Fried Noodles with Sausage and Seasonal Vegetables
1.
For two people today, two sausages are enough. I used Cantonese-style sausages. I personally like the slight sweetness. Of course, you can also replace them with shredded meat according to your preference. Bacon or even bacon is fine.
2.
The noodles are boiled until they are ripe and over water. Then drain the water (in fact, it is best to mix some oil after the water is drained, spread it on a fence or something, and blow dry for a while, so that the noodles will evaporate and make the noodles more tenacious and fry)
3.
Cut fresh vegetables. This time I used Western lettuce, cabbage, green cabbage and whatever you like.
4.
Put the shallots in the pan and fry them slowly for 5-10 minutes, then turn the garlic into the high heat.
5.
Then turn to high heat and sauté the garlic.
6.
Then put in the sausage, and cut the sausage as thinly as possible so that the carrots can be placed on the sides.
7.
Stir-fry the carrots in the pan, then add a little steamed fish soy sauce, and stir-fry for a little bit of flavor.
8.
Then add the noodles and add 2-3 spoons of soy sauce.
9.
Finally, add the vegetables and stir fry until they taste good.
Tips:
1. Soy sauce and dark soy sauce are not the same thing, soy soy sauce is used for coloring.
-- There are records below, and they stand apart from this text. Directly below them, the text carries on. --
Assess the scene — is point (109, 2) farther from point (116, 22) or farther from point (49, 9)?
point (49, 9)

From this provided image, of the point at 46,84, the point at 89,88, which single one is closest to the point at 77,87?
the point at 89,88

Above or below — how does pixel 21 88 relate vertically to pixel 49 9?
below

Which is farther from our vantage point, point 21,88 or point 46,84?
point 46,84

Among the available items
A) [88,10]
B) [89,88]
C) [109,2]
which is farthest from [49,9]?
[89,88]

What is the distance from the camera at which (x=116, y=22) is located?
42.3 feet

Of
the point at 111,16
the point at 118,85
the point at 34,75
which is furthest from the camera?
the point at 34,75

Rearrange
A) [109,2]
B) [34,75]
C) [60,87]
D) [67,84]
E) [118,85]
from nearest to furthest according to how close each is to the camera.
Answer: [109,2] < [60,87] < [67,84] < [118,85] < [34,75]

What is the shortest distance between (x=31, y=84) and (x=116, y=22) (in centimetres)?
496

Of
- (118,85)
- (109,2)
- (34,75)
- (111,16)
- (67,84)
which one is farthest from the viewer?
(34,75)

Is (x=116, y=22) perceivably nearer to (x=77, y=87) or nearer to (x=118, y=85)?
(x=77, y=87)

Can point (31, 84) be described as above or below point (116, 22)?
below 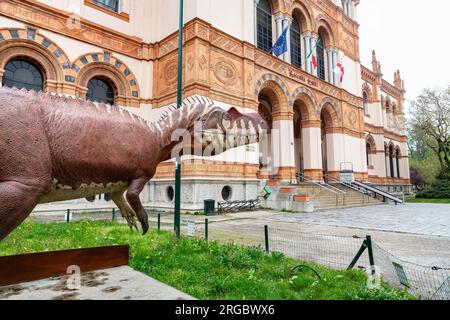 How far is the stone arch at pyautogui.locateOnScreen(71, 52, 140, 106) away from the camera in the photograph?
14.7m

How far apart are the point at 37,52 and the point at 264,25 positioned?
14.9 m

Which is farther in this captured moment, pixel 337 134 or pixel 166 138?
pixel 337 134

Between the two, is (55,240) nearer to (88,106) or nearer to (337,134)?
(88,106)

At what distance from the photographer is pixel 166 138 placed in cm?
354

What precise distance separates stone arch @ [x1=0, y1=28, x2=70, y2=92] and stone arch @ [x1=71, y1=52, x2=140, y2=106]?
2.22 feet

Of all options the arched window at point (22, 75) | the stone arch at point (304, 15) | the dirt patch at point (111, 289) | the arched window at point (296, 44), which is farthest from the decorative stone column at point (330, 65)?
the dirt patch at point (111, 289)

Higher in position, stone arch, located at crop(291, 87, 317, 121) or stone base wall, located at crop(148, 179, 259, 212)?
stone arch, located at crop(291, 87, 317, 121)

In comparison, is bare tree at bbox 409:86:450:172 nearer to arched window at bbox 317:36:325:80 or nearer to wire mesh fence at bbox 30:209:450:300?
arched window at bbox 317:36:325:80

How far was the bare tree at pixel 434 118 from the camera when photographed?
2970cm

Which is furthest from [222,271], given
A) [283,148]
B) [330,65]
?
[330,65]

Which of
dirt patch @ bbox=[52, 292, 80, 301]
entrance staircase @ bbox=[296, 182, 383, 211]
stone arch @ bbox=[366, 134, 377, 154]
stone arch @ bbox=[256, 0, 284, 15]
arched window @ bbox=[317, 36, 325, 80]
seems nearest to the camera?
dirt patch @ bbox=[52, 292, 80, 301]

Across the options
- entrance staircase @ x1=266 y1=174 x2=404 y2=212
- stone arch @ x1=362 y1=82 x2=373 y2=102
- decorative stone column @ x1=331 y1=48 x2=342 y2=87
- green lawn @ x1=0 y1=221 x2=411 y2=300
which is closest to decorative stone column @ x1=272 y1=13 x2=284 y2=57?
decorative stone column @ x1=331 y1=48 x2=342 y2=87

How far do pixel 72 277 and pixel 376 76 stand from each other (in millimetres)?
41090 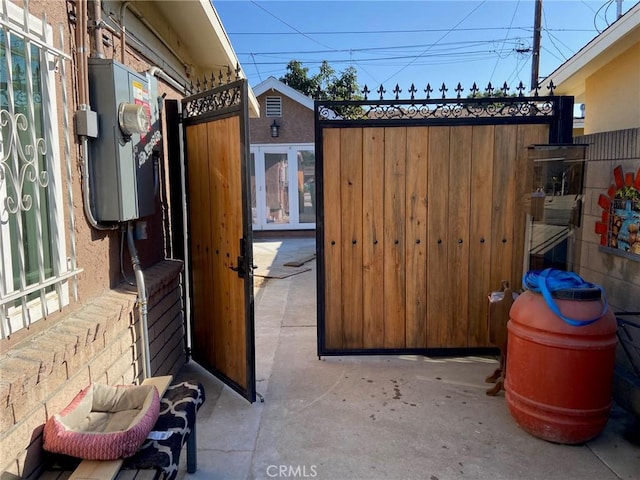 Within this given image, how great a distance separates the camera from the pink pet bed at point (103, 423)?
179 centimetres

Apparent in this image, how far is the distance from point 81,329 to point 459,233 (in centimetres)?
296

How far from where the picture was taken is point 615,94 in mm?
4086

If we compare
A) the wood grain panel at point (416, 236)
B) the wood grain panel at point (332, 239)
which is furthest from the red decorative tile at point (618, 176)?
the wood grain panel at point (332, 239)

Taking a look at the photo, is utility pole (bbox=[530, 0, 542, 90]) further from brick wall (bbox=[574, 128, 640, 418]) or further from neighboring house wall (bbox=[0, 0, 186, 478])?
neighboring house wall (bbox=[0, 0, 186, 478])

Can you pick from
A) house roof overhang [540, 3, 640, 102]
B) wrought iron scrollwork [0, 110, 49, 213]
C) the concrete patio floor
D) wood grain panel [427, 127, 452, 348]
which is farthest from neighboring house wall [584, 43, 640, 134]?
wrought iron scrollwork [0, 110, 49, 213]

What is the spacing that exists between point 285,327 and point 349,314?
4.16 ft

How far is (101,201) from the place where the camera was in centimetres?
263

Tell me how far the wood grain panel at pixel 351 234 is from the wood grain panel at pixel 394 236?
0.23 meters

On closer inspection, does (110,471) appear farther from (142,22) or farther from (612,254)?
(612,254)

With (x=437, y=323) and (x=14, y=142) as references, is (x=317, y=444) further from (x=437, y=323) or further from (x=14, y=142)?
(x=14, y=142)

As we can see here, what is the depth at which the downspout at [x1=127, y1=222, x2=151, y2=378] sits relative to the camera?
2.86 meters

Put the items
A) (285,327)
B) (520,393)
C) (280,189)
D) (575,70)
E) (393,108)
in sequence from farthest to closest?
(280,189), (285,327), (575,70), (393,108), (520,393)

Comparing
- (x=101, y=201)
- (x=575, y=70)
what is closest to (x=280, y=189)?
(x=575, y=70)

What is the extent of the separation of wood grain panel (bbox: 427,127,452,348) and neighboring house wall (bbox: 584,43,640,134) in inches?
58.4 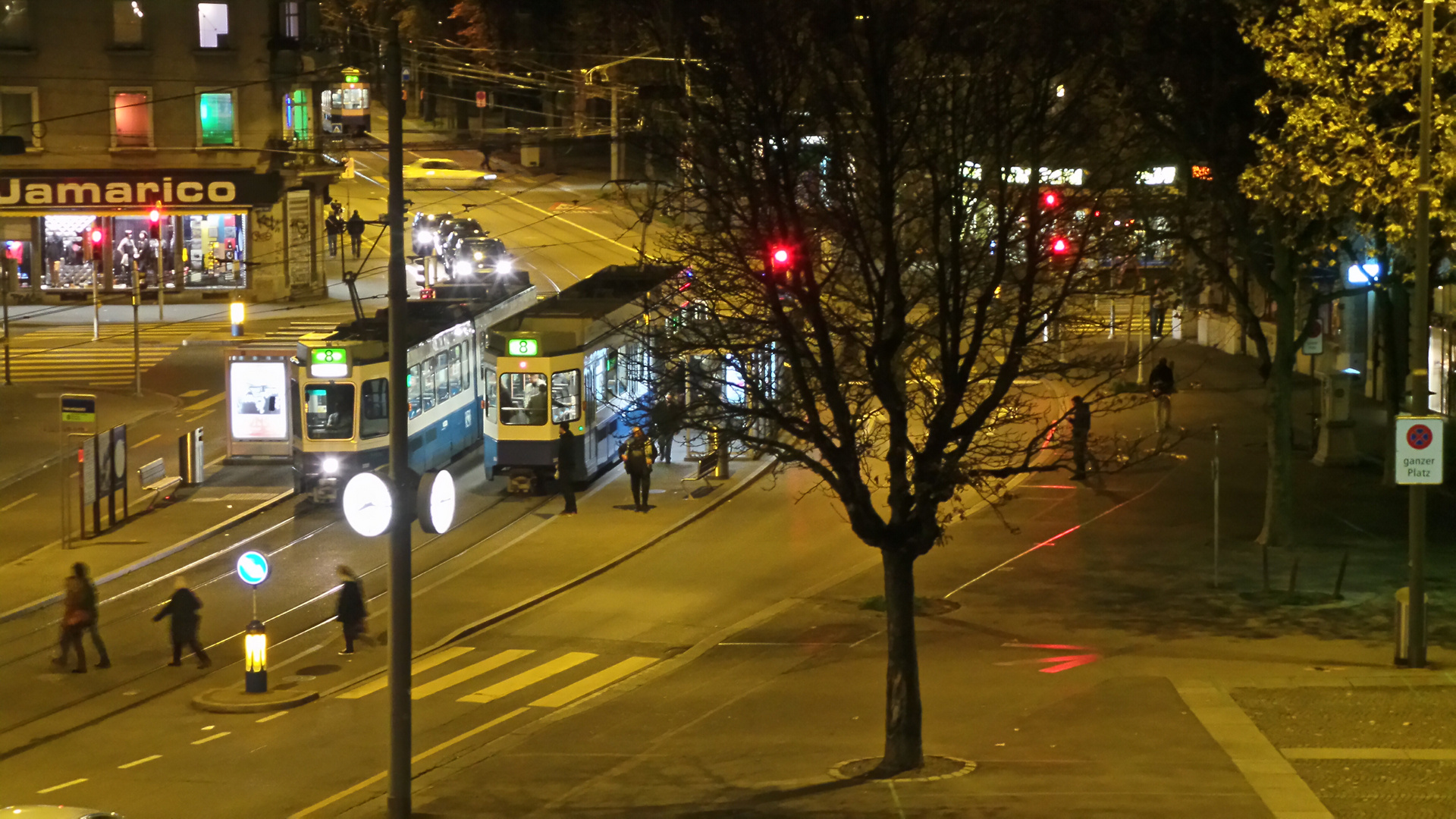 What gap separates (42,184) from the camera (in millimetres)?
50031

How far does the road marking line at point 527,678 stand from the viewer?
742 inches

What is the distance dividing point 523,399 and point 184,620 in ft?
33.6

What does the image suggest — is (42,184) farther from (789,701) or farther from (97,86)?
(789,701)

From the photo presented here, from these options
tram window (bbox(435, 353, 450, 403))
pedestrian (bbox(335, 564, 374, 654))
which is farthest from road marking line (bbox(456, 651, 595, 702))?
tram window (bbox(435, 353, 450, 403))

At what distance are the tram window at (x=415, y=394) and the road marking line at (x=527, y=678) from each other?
9.90 m

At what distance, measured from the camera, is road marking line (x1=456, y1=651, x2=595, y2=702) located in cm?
1886

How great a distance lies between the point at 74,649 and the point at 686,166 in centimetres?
1092

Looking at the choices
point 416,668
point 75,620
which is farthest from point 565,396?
point 75,620

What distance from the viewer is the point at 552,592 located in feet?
78.2

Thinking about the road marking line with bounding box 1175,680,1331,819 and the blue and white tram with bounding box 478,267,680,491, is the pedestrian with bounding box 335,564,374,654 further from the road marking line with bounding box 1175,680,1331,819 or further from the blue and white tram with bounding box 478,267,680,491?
the road marking line with bounding box 1175,680,1331,819

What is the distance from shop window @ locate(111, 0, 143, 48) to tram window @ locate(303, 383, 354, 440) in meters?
26.7

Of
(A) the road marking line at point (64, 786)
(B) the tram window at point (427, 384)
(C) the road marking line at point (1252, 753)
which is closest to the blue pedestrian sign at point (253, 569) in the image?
(A) the road marking line at point (64, 786)

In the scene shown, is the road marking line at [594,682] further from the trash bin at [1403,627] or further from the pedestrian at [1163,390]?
the pedestrian at [1163,390]

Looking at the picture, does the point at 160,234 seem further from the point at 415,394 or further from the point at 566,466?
the point at 566,466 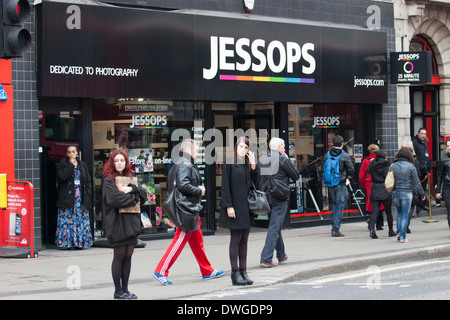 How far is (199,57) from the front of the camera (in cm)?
1612

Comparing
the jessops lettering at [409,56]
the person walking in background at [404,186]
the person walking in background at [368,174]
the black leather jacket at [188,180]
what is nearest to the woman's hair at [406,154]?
the person walking in background at [404,186]

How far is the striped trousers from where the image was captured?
10.6 m

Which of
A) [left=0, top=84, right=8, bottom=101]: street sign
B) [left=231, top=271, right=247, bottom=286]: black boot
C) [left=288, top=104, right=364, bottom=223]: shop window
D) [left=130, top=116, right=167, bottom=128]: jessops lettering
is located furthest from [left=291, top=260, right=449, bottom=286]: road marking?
[left=0, top=84, right=8, bottom=101]: street sign

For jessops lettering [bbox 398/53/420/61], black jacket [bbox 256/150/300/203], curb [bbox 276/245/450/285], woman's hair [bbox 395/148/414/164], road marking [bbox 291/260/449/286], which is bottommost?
road marking [bbox 291/260/449/286]

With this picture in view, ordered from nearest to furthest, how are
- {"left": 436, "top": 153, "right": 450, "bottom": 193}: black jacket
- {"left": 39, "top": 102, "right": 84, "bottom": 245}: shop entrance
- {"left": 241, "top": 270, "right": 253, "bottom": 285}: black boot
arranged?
1. {"left": 241, "top": 270, "right": 253, "bottom": 285}: black boot
2. {"left": 39, "top": 102, "right": 84, "bottom": 245}: shop entrance
3. {"left": 436, "top": 153, "right": 450, "bottom": 193}: black jacket

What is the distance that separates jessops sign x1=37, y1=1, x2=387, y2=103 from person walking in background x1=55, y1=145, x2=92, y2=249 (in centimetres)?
124

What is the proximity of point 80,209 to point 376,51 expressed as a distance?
27.6 ft

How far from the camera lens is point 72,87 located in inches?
568

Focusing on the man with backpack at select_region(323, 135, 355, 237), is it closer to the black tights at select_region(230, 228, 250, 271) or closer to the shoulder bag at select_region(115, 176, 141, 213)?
the black tights at select_region(230, 228, 250, 271)

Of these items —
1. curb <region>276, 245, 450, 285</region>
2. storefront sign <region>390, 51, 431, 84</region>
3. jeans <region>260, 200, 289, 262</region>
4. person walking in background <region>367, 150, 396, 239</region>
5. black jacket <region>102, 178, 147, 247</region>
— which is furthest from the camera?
storefront sign <region>390, 51, 431, 84</region>

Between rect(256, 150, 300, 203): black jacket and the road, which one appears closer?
the road

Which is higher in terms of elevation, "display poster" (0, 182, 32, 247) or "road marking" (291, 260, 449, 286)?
"display poster" (0, 182, 32, 247)

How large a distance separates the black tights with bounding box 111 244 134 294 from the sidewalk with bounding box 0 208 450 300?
10.1 inches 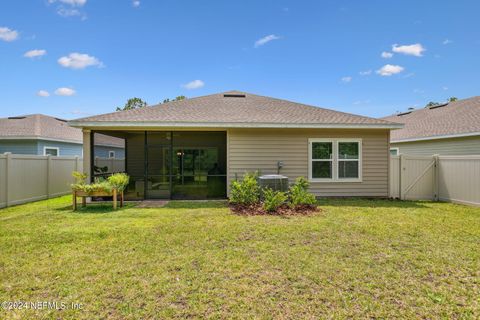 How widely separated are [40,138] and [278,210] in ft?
42.5

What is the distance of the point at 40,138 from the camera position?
1307 centimetres

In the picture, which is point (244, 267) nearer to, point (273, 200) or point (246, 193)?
point (273, 200)

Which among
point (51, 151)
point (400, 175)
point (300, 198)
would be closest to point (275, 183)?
point (300, 198)

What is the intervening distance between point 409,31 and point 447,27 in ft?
4.97

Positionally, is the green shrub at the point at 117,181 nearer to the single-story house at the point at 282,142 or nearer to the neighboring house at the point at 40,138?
the single-story house at the point at 282,142

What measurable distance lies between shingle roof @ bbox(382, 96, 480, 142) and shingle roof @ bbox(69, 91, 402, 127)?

Soy sauce I bought is a claypot soy sauce from a Kum Kee, which tastes good. Basically, you don’t need to add soy sauce too much
2. Put the soy sauce along the side of the wok, or push the noodles aside, pour the soy sauce directly on the bottom of the wok, and then stir fry, so that the soy sauce can borrow some gas from the wok, and it is better than just pour it on the noodles and fry it out.
3. Stirring the shallots on a small fire before is because there is some scallion oil in the oil. If you find it troublesome, just saute the shallots and garlic on high heat.